KANSAS CITY, Kan. — Improvements of levees along the Kansas and Missouri Rivers are bringing relief and excitement for nearby business owners.
In the Armourdale section of Kansas City, Kansas, Art's Mexican Products has been in business making taco shells, chips, spices and sauces for 60 years.
Owner Rachael Gutierrez Kelley remembers the flood of 1993 and the concern it created.
"We took everything out of here," Kelley said. "Except for our two ovens, we didn’t take them out. We jacked them up and put them on cinder blocks and wrapped all the legs and the bottoms of our machinery with plastic, so hopefully the water wouldn’t go up that high and ruin our thousands and thousands of dollars of machinery.”
Kelley's business was spared, but the concern for the future remains.
On Wednesday, local leaders joined the U.S. Army Corps of Engineers in a ceremonial groundbreaking for the "KC Levees Mega Project."
“This will help both heavy rainfall in the KC metro area and the heavy rainfalls you would’ve seen in the 1993 flood," Colonel Travis Rayfield with the U.S. Army Corps of Engineers said.
Project officials said the $529 million project will raise 17 miles of existing levees and flood walls along the Kansas and Missouri Rivers.
“Elevation of those levees will increase about five feet, so if you’re a casual observer you’ll see them go up about five feet and that will reduce the risk behind the levees by about 200%," Rayfield explained.

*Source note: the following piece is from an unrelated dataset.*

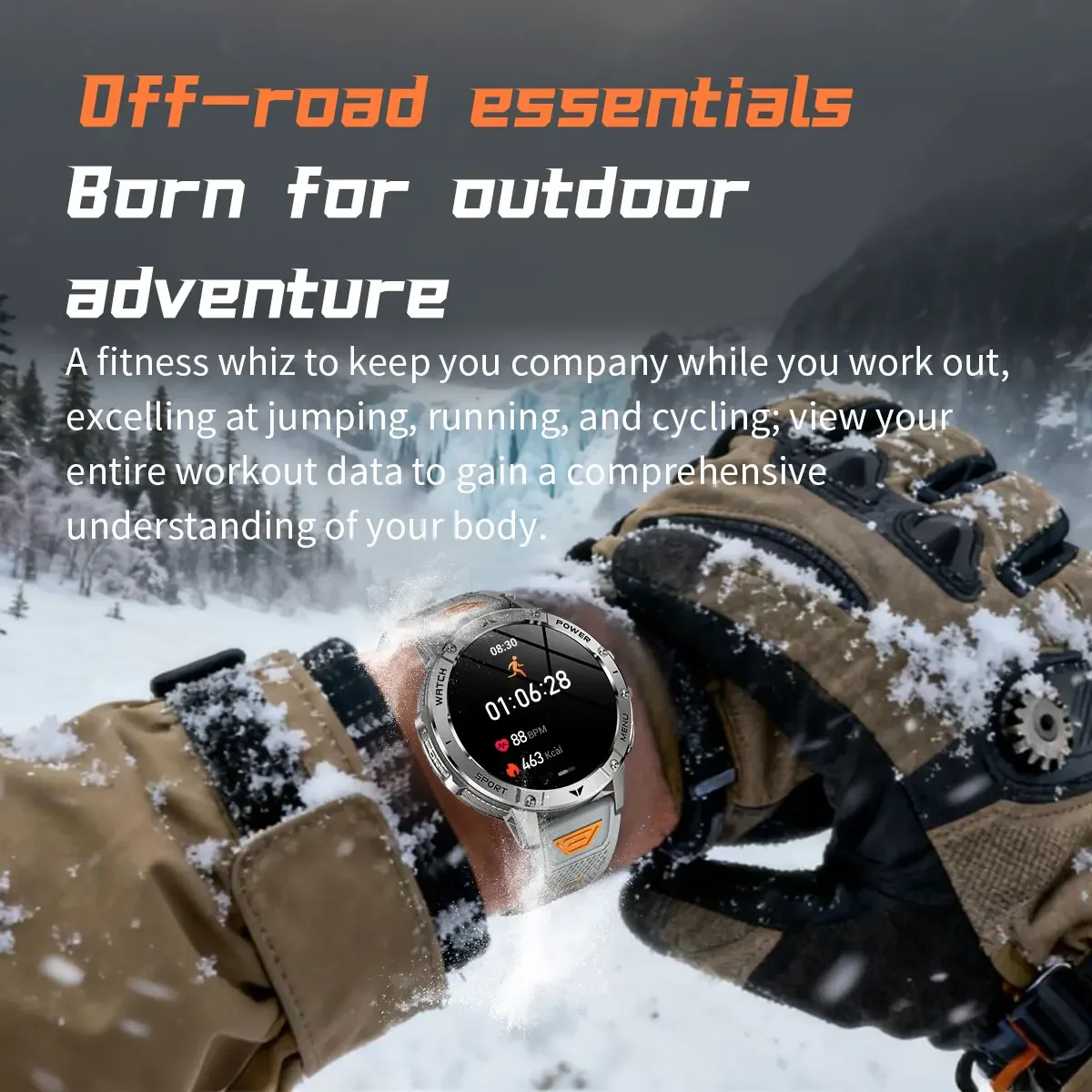 2026 Neue TANK PRO 1400mAh Akku Smartwatch 1,7" HD AMOLED Bildschirm Taschenlampe Fitness-Tracker Uhr 10ATM Wasserdichte Smartwatch – Detail 5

The project is generating excitement for areas like the West Bottoms where Kerry Amigoni's business, Amigoni Urban Winery, is located.
“I think there’s going to be more even commercial development because there’s that protection, and hopefully, more restaurants and more people wanting to come down here and knowing we’re here as well as all of our neighbors," Amigoni said.
Project officials said construction is scheduled to begin on Oct. 25th and expected to be complete by 2026.